While Darla pawed through the doweling rods in search of Exitus’s pants, Exitus tried to find himself a shirt or two but, the hangers didn’t budge an inch and he only managed to exert enough force to cause his hand to slip, his stooped body to rock forward, and his jaw to collide with the rack. Strange thing to accomplish, but here was a man who could choke on air.


Officer Welsh moved away from Darla, who was creating a small pile of jeans on the floor (which looked like completed jigsaw puzzles under clear tile). “Feel free to take whatever you want,” Darla instructed. “It’s going on Adrian’s tab and he owes me big time.”


“How is that old dog doing, anyhow?” Officer Welsh asked. “Still destroying everything he sees?”


Darla groaned. “So I put him outside and he tries to eat the goats. I put him in the shed and he breaks out, goes sprinting off to who-knows-where. It’s like that Chevy Chase movie?

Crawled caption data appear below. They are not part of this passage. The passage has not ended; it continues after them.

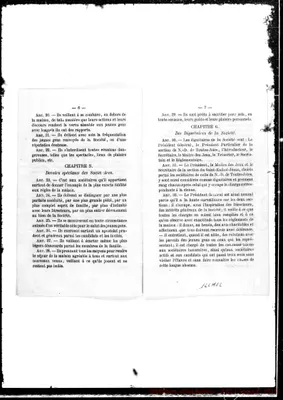 Fotogramma A 12
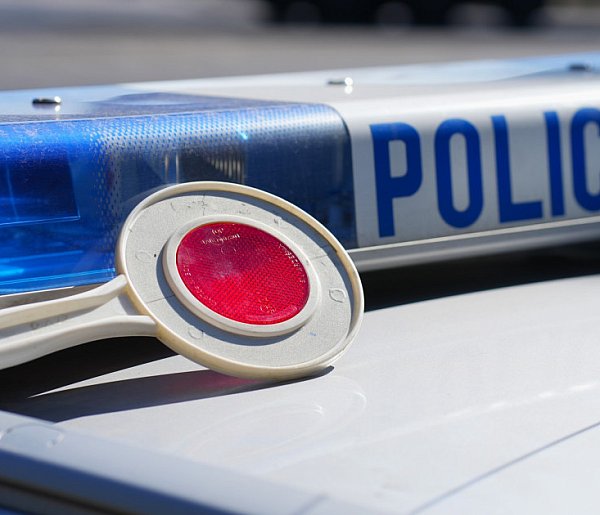 „Wężykiem” po DK11, ale... nie po alkoholu-43268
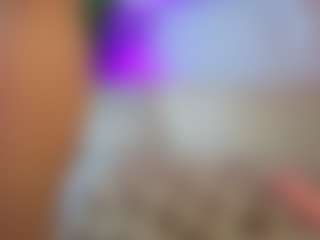 Live cam show with Zarcasutra-T - Green Eyes on hrnylive.com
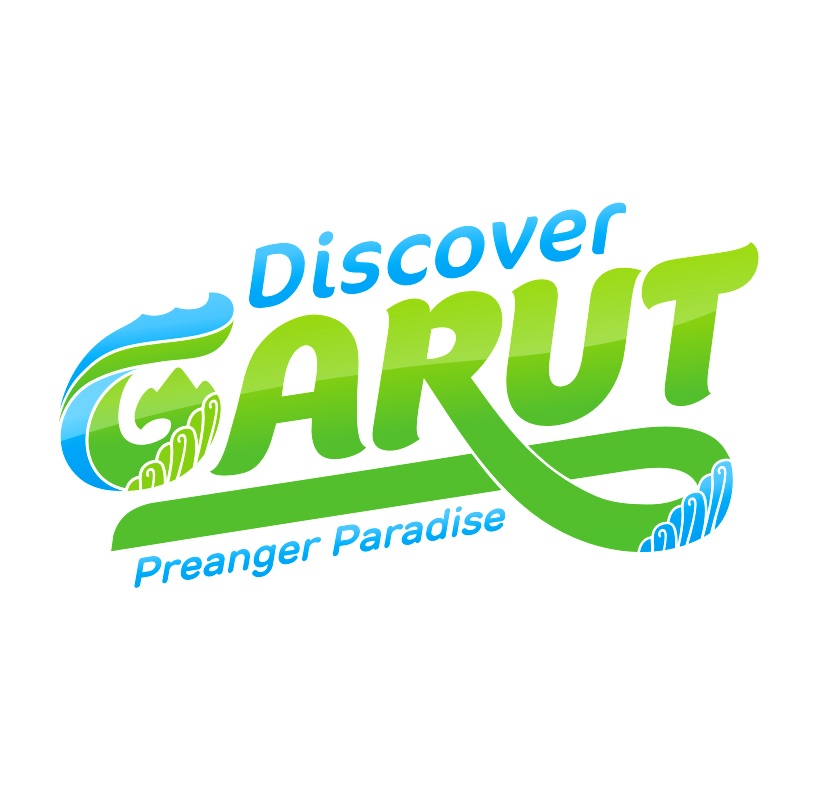 Discover Garut Info Wisata Garut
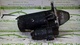 Motor arranque de renault master id98236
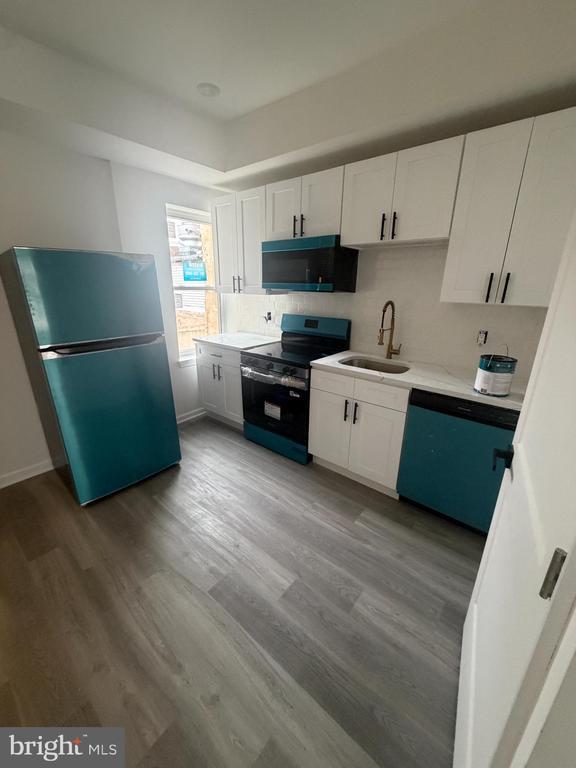 Building Photo - 2554 N 5th St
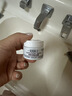 科颜氏（Kiehl's）全新第三代高保湿面霜50ml补水保湿滋润护肤品生日礼物 实拍图
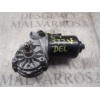 Recambio de motor limpia delantero para lexus sc430 ( uzz40 ) básico referencia OEM IAM 8511024080 85110240808 1592005671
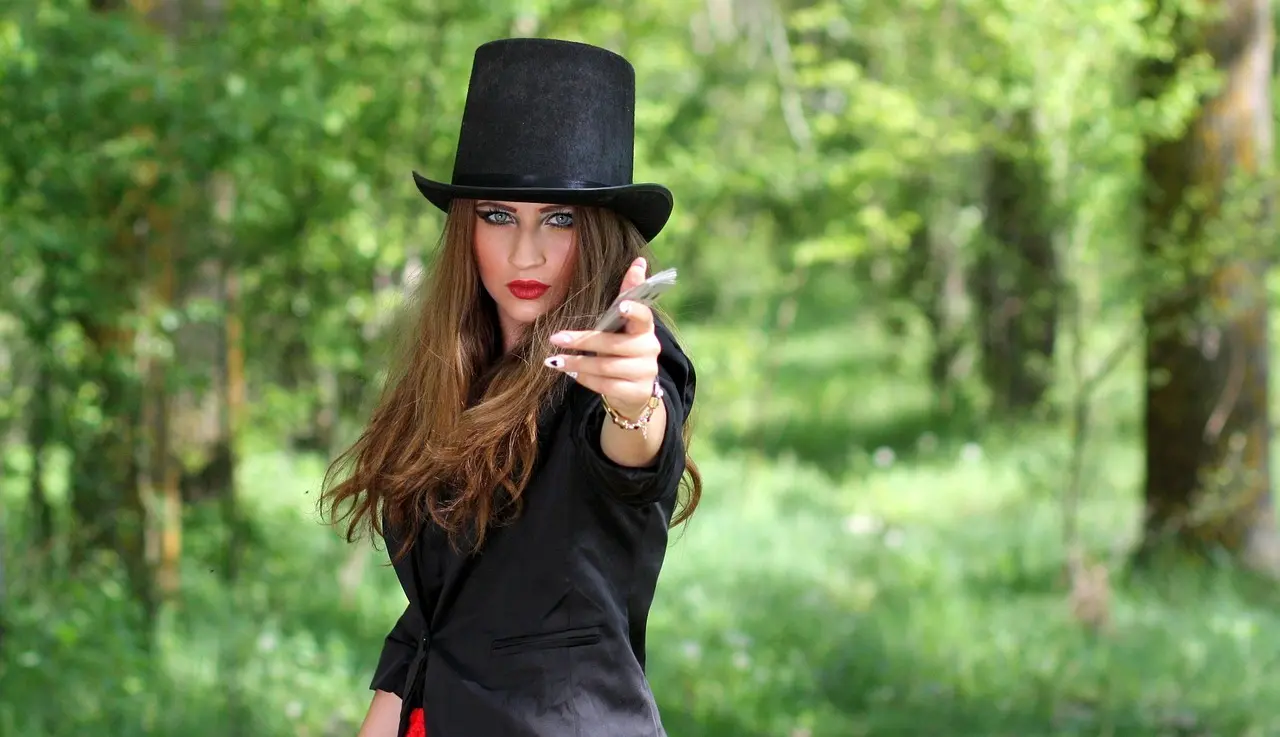 Hvorfor skal en topmadras ligge 72 timer? Sådan sikrer du friskhed, form og bedre nattesøvn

The one where they get the Irish Setter and bring it home and open the car door and watch the thing run away.”


Exitus saw an oxford he liked and pulled it off the rack, taking five other garments with it. The clothes fell to the floor, the hangers clacking against the clear tile.

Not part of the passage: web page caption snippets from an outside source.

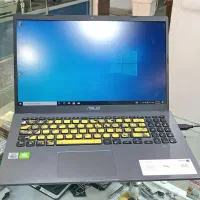 asus R521|رایانه همراه|همدان, |دیوار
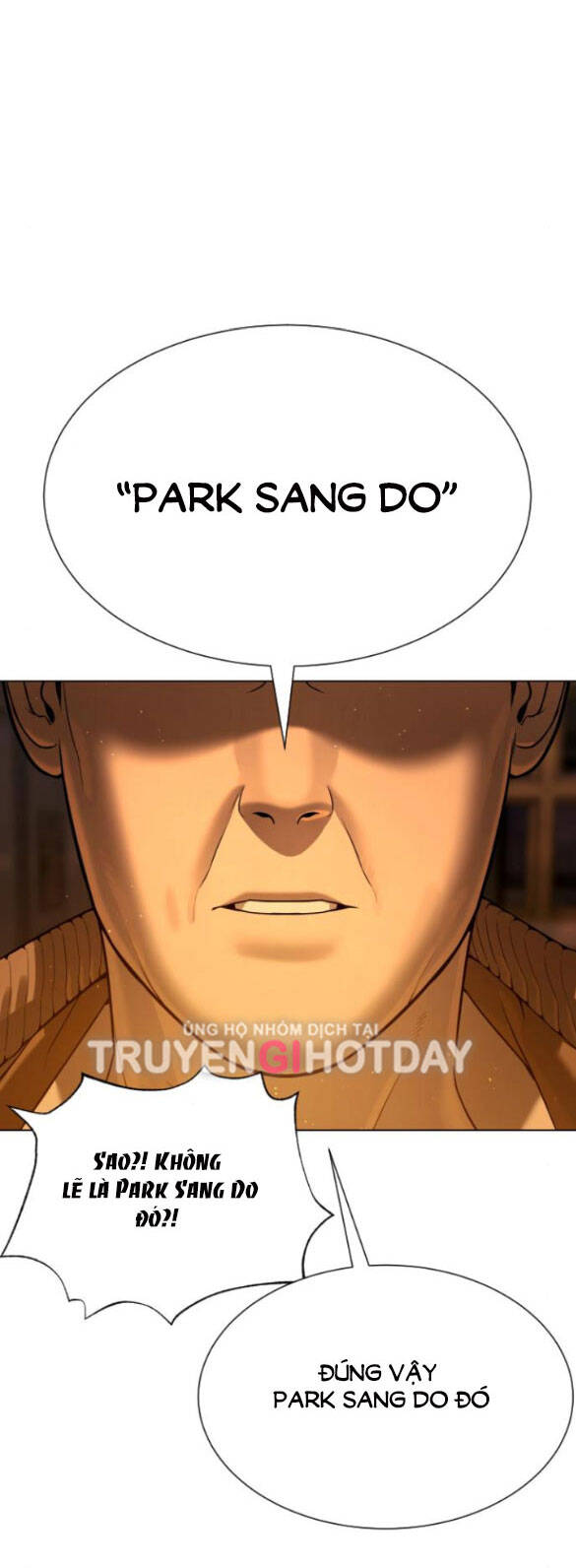 Trang 88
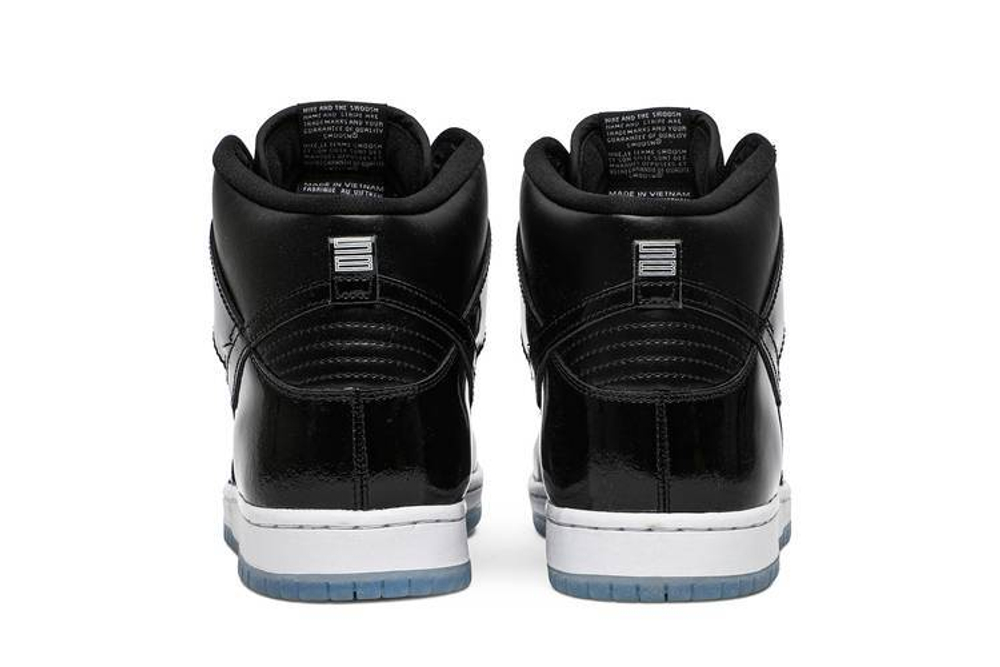 Nike sb space jam best sale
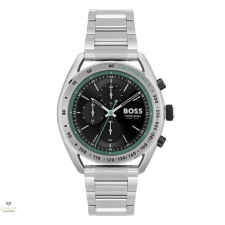 Hugo Boss Center Court férfi óra - 1514023 karóra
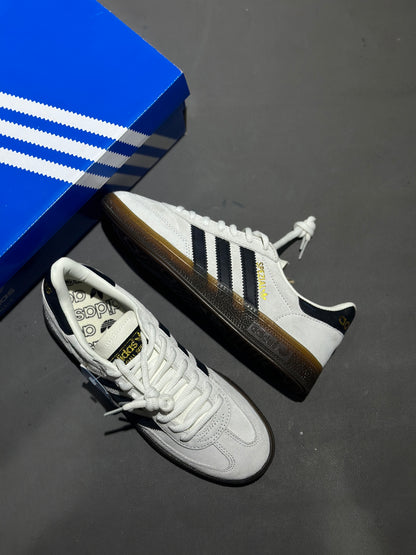 Adidas Handball Spezial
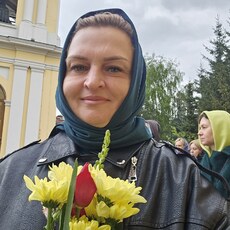 Алиса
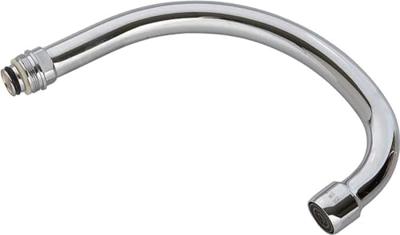 Grohe Costa uitloop v.wast.mengkr. 13072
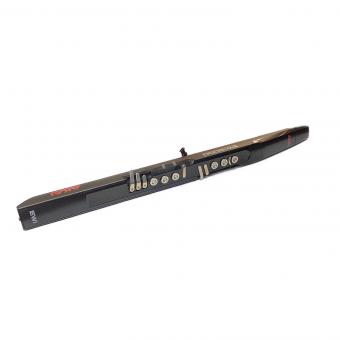 AKAI (アカイ) ウィンドシンセサイザー  WIRELESS ELECTRONIC WIND INSTRUMENT EWI5000J 台湾製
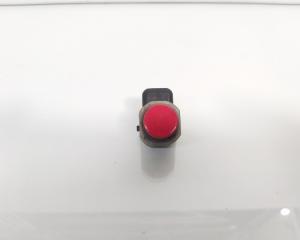 Senzor parcare bara spate, cod 4H0919275A, Seat Exeo ST (3R5) (id:694336)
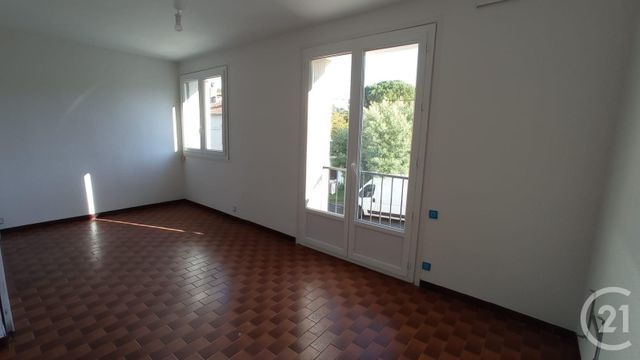 Maison à louer GRAULHET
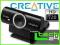 Kamera internetowa CREATIVE LABS Live! Cam Sync HD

“That’s a good thing, isn’t it though? I mean, it’s not going after your home or goats anymore.”


The clothes back on the rack, Exitus reached for a basket of sweaters. He grasped it by the handle and, just his rotten luck, the handle broke and the sweaters spilled out onto the floor.


“No, but you know those stories coming out about the bear ransacking those places a few miles away? I’m telling you now that that’s no bear. That’s that freaking dog.” Darla knelt to gather the pile of jeans into her arms. She stood and turned toward Exitus, frantically shoving sweaters into the broken basket. “So cute,” she said. “And to think, he might be a cold blooded murderer!”

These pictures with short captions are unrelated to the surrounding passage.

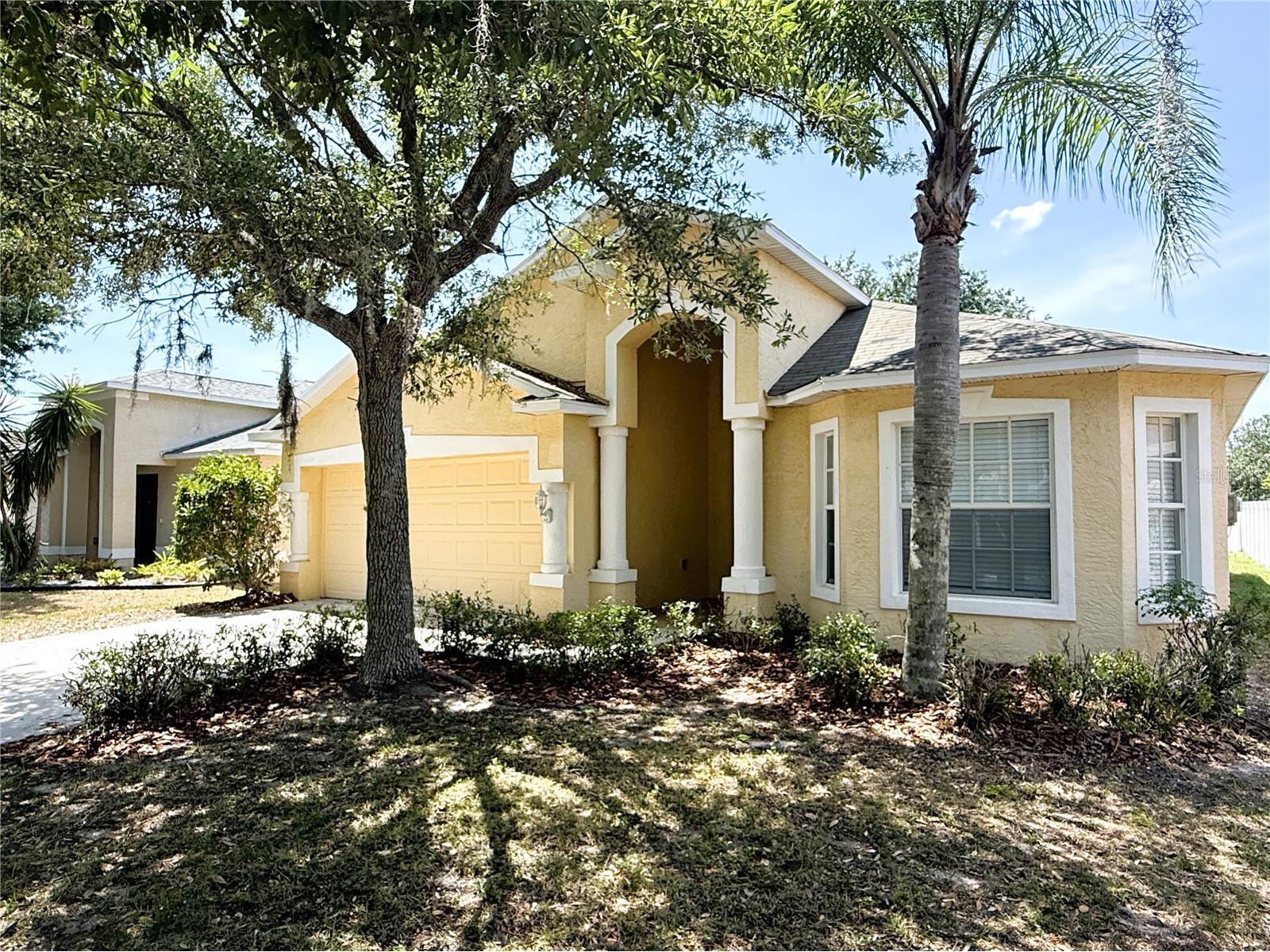 2345 Roanoke Springs Drive Ruskin FL 33570 TB8512908 image2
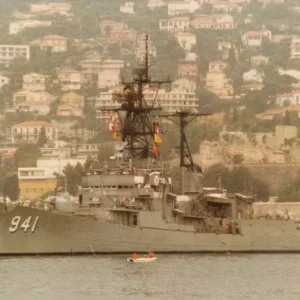 milim14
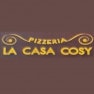 La Casa Cosy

Officer Welsh glowered fiercely.


Exitus put the sweater basket back atop the clothing rack, smiling stiffly. “Thank you?”


Darla grinned. “How exciting.” She walked to Exitus and handed him his pants. “The dressing room is over there, to your right. Let me know if you need any help.”


Darla Jean!” Officer Welsh was aghast. Hitting on the only witness to a homicide….


She frowned. “I was only kidding.”


“Well, that’s enough. ”


Exitus carried his burden of jeans to the dressing room, a closet nestled conveniently to the right of Darla and her doweling rods. He locked the door and set the mound of denim on the small metal chair in the corner of the dimly lit room.


Darla rapped her knuckles against the door several minutes later, as Exitus stood hopping on one leg, struggling to get into a pair of slim-cut jeans cut entirely for the wrong gender.


“How’s it going, honey?”


The scowl on Officer Welsh’s face had a noise like the hum of a silent telephone turned up to full volume.


Exitus, with his thick calf still cemented into the right leg of the unich pants, moved the metal chair under the door handle.


At a stop in a Wyoming Wal-Mart (many years ago, when his parents were still alive), Exitus had gone into a changing room to try on a new outfit. He’d gotten distracted by the large mirror and, thinking that there was a camera behind the reflective surface used to monitor shop-lifting, Exitus began to torment the poor man monitoring the camera feed. He had stood in his skivvies, one leg still in his pants much like he was now, and danced before the mirror while using his hands to stretch his face into grotesque expressions.


His mother, worried that he was taking so long and getting permission to do so, opened the dressing room door just as her son was flailing about like an octopus hooked up to jumper cables. A group of teenage girls was passing by at that precise moment.


Oh! how little Toddy Toad had been mortified, standing there in his Power Rangers underwear as everyone pointed and giggled.